De Tocqueville saw them starting from different points but destined for great influence. “Each seems marked out by the will of Heaven to sway the destinies of half the globe.” They had grown up largely unnoticed but were suddenly in the front ranks among nations, and the world was ‘learning of their existence and their greatness’. All others had seemed to reach their natural limits and power and had seemed to stop or to proceed only with extreme difficulty, but these two alone were proceeding with ‘ease and celerity’ along a path which ’no limit can be perceived’
These two great nations, of course, collided during the 20th Century and during the life of C-133 crewmembers. De Tocqueville’s initial impressions that democracy, the great experiment of America, would create a nation made by civilized man that would, in turn, create a ‘spectacle for which the world had not been prepared by the history of the past,” all came to fruition during the Cold War. America’s advance by the plowshare and by principles of freedom trumped Russia’s advance by the sword and servitude. One country became part of the totalitarian, mega-murdering communists, and the other the savior of the free world.

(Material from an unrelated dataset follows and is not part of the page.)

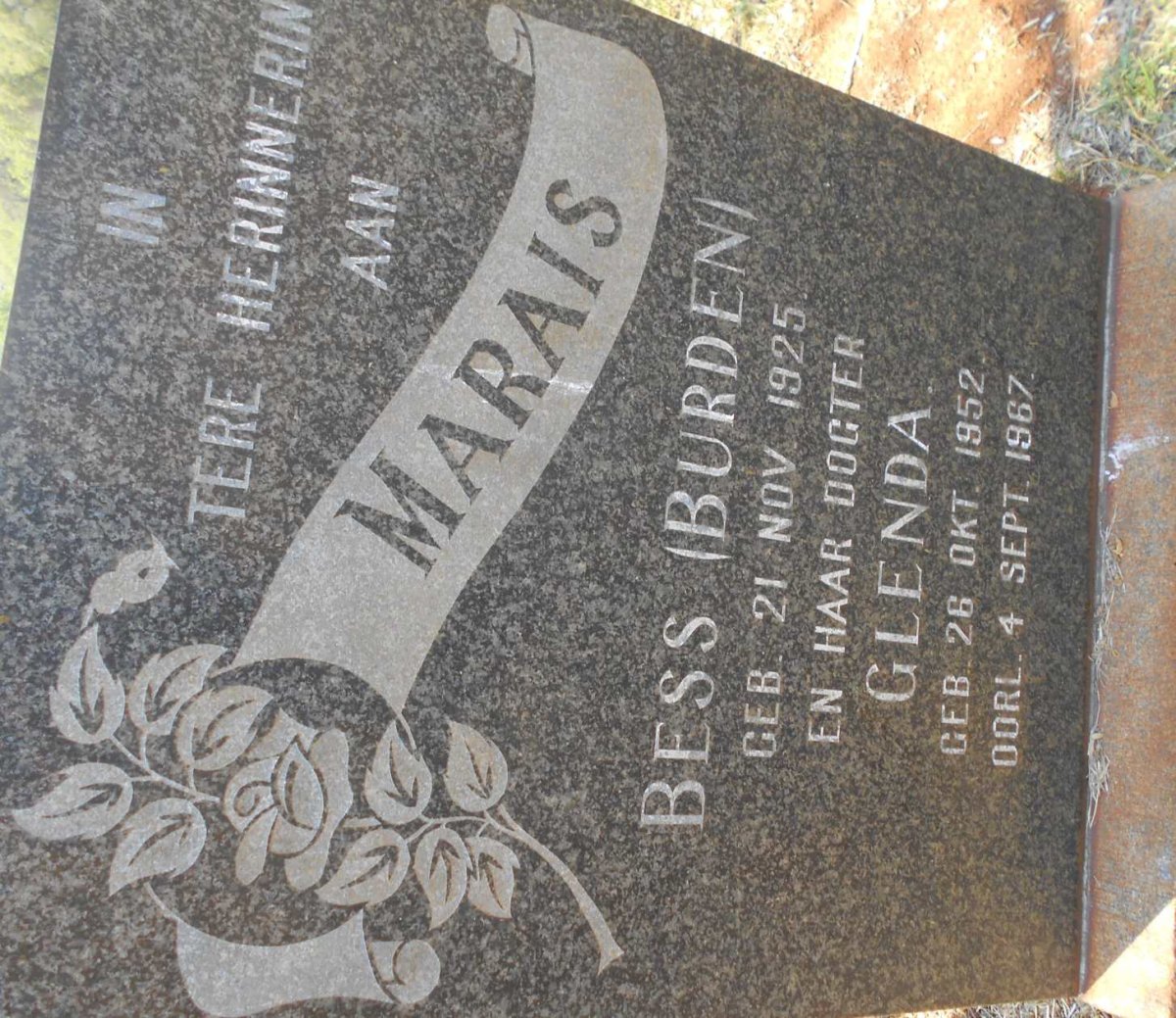 MARAIS Bess nee BURDEN 1925-1967 :: MARAIS Glenda 1952-1967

Throughout the decades of an ever-changing political landscape, politicians of all stripes have quoted salient excerpts from this historical writing to bolster their arguments. Other than the Constitution and The Federalist Papers, Democracy is arguably the most important work about citizen participation in government during the early formation of our country and illuminates America’s meaning to the Founders. A major personal regret of mine is that I did not read it while in my teens and every decade since. I am sure other readers will share this lament. It is a powerful story!
Richard Spencer, Ph.D.
39th ATS, DAFB
P.S. I have now published about 20 reviews over the past two years and it is time to sincerely thank those who have helped me, especially with the editing. My brother, Ronald Spencer, J.D., and a family friend, Deborah Hartman as both have unselfishly given of their time. Also, Dick Hanson for posting them in a manner that provides for pleasant reading and viewing. And, thank all of you for your kind comments.